LAUSR

Hyperspectral remote sensing images (HRSIs) contain rich spectral information, and an HRSIs feature extraction method, i.e., higher-order spectra linear discriminant analysis (HOS-LDA) subspace method, is presented, which demonstrates that the calculation of HOS is a kernel mapping with the inner product of HOS as the kernel function and uses linear discriminant analysis (LDA) to extract the HOS feature (HOSF) from the HOS of the spectral pixels of HRSIs according to a presented strategy of kernel space methods. To verify the efficiency of the deep feature of HOSF, a two-branch convolutional neural network (CNN), i.e., Two-CNNHOSF-spa, is designed with each branch fed with HOSF and spatial feature, respectively. A 3D-CNN, i.e., spatial-higher-order spectra-spectral (spa-hos-spe) 3D-CNN, is designed, which is fed with the spa-hos-spe feature to evaluate the deep joint spa-hos-spe feature.

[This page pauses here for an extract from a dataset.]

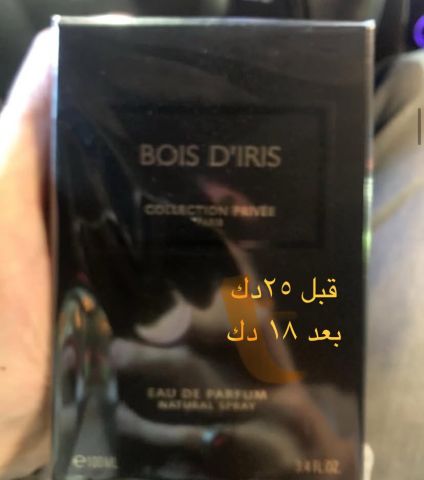 عطورات فرنسيه من بلد المنشأ اصليه بالكرتون ومقفوله اسعار جمله وال 4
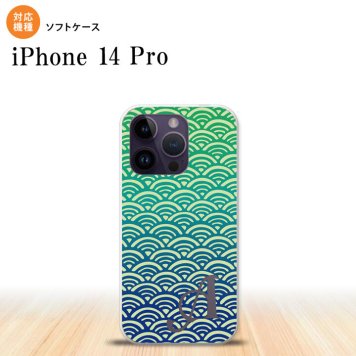 iPhone14 Pro iPhone14 Pro スマホケース 背面ケースソフトケース 青海波 青 緑 +アルファベット 2022年 9月発売 nk-i14p-tp1712i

The experimental results of three measured HRSIs show that: the presented HOS-LDA method has improved the classification rates compared with the LDA, spectral regression discriminant analysis (SRDA), kernel LDA (KLDA) methods by using support vector machine (SVM), Bayesian, and ${K}$ -nearest neighbor ( ${K}$ -NN) classifiers, which shows the efficiency of the presented HOSF; the presented Two-CNNHOSF-spa outperforms the two-branch CNN fed with spectral and spatial features and the two-branch CNNs fed with LDA, SRDA, and KLDA extracted feature and spatial feature, which verifies the effectiveness of the deep HOSF; the presented spa-hos-spe 3D-CNN outperforms the 3D-CNN fed with spatial-spectral (spa-spe) feature, which shows that the deep spa-hos-spe feature is better than the deep spa-spe feature.